* Task objective
Set down all of the data that follows word for word, without the images.

____ Data provided

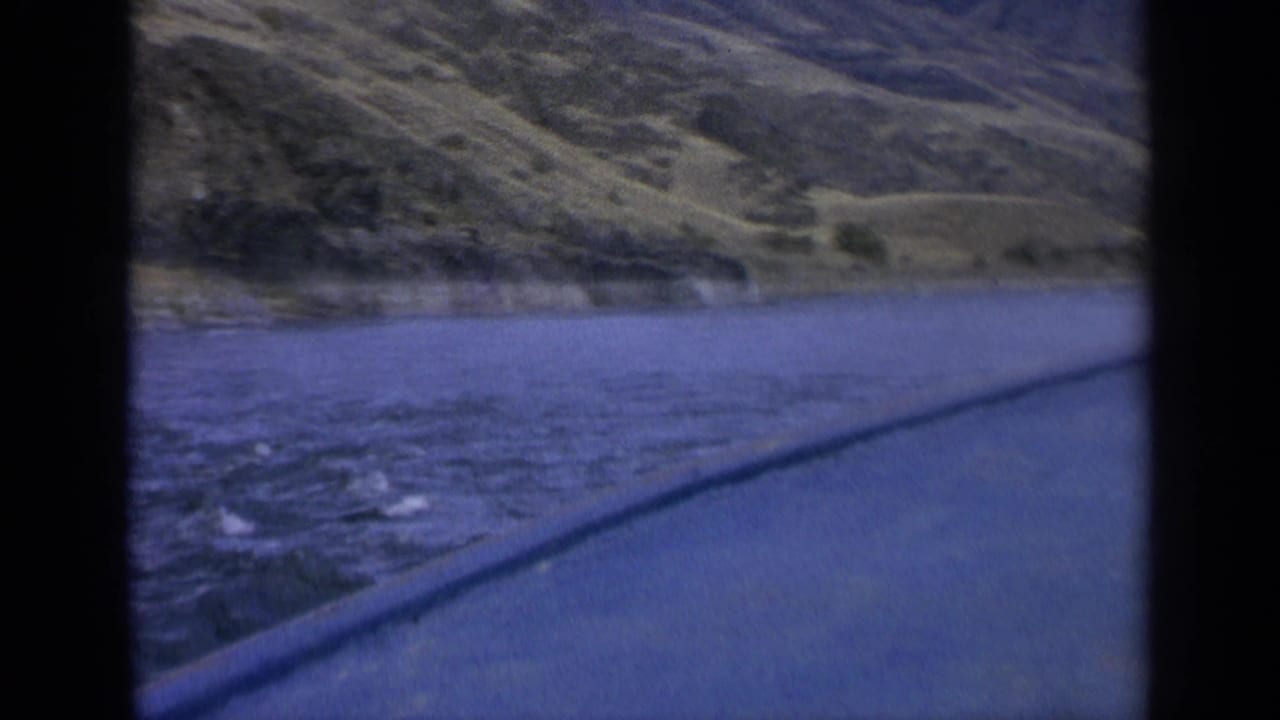 Lake surface and green mountain slope seen from a moving vehicle perspective.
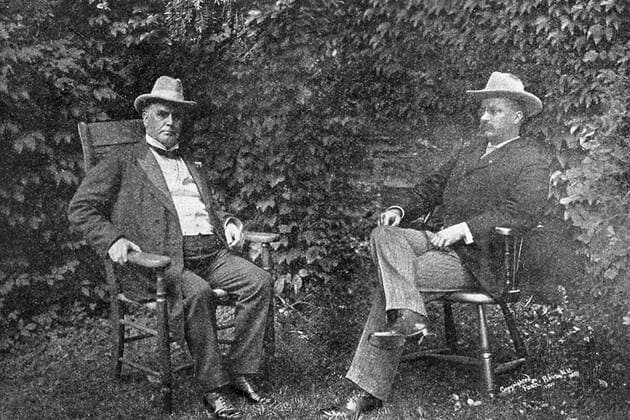President William McKinley and Vice President Theodore Roosevelt sitting, in chairs, outside on a lawn, New York, 1900. 1023_05_65226final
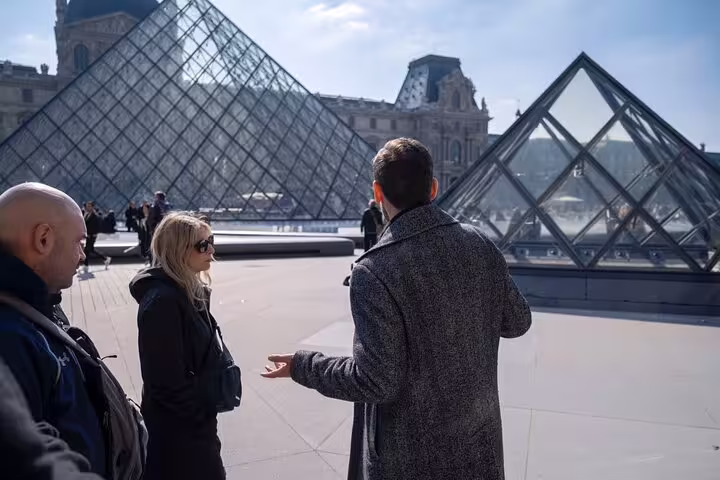 Tour guide explaining the history of the Louvre Museum to visitors near the iconic glass pyramid entrance.
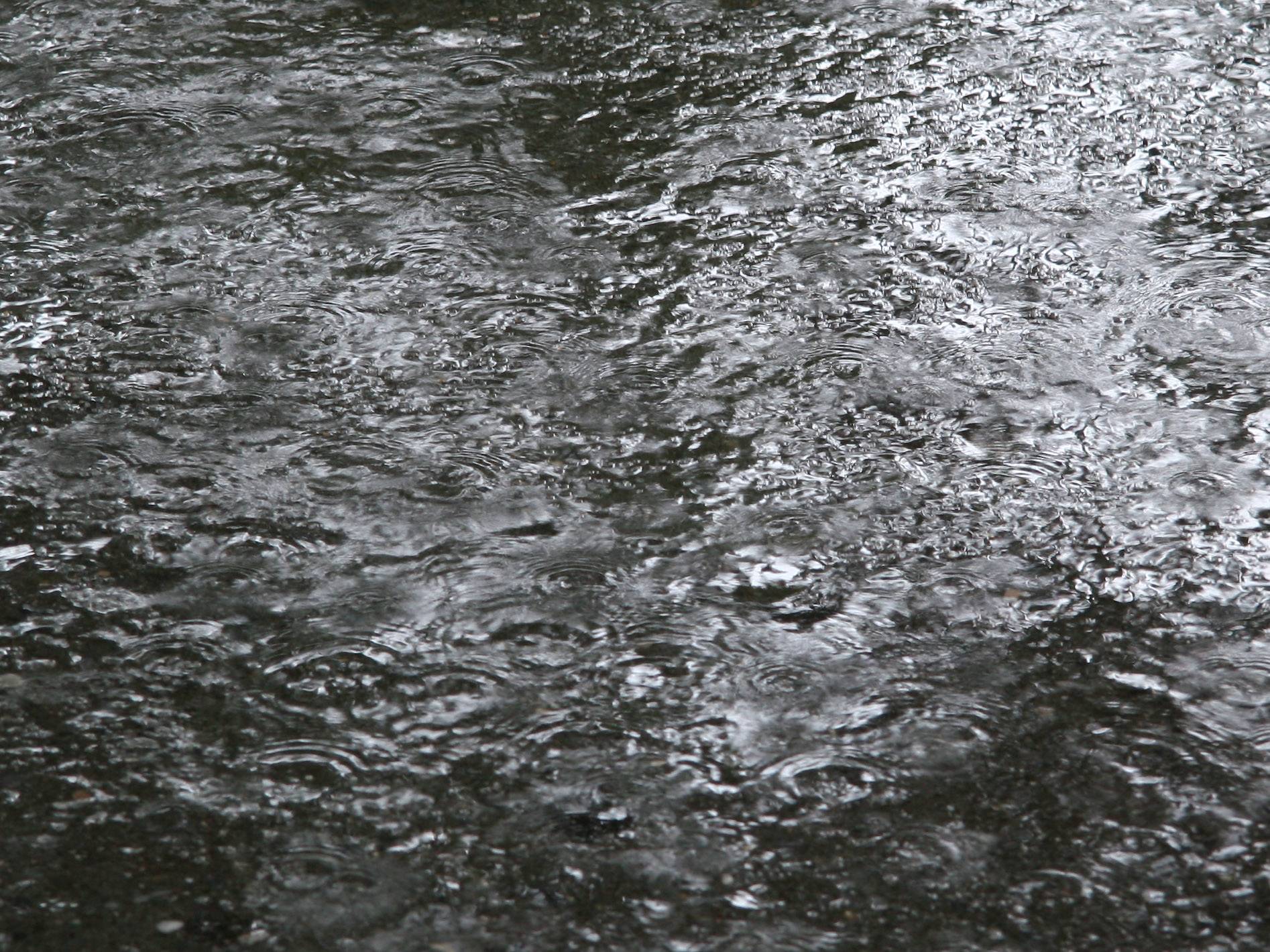 Sprinkling Water on the Sidewalk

________

* Answer section
 Lake surface and green mountain slope seen from a moving vehicle perspective.
President William McKinley and Vice President Theodore Roosevelt sitting, in chairs, outside on a lawn, New York, 1900. 1023_05_65226final
 Tour guide explaining the history of the Louvre Museum to visitors near the iconic glass pyramid entrance.
 Sprinkling Water on the Sidewalk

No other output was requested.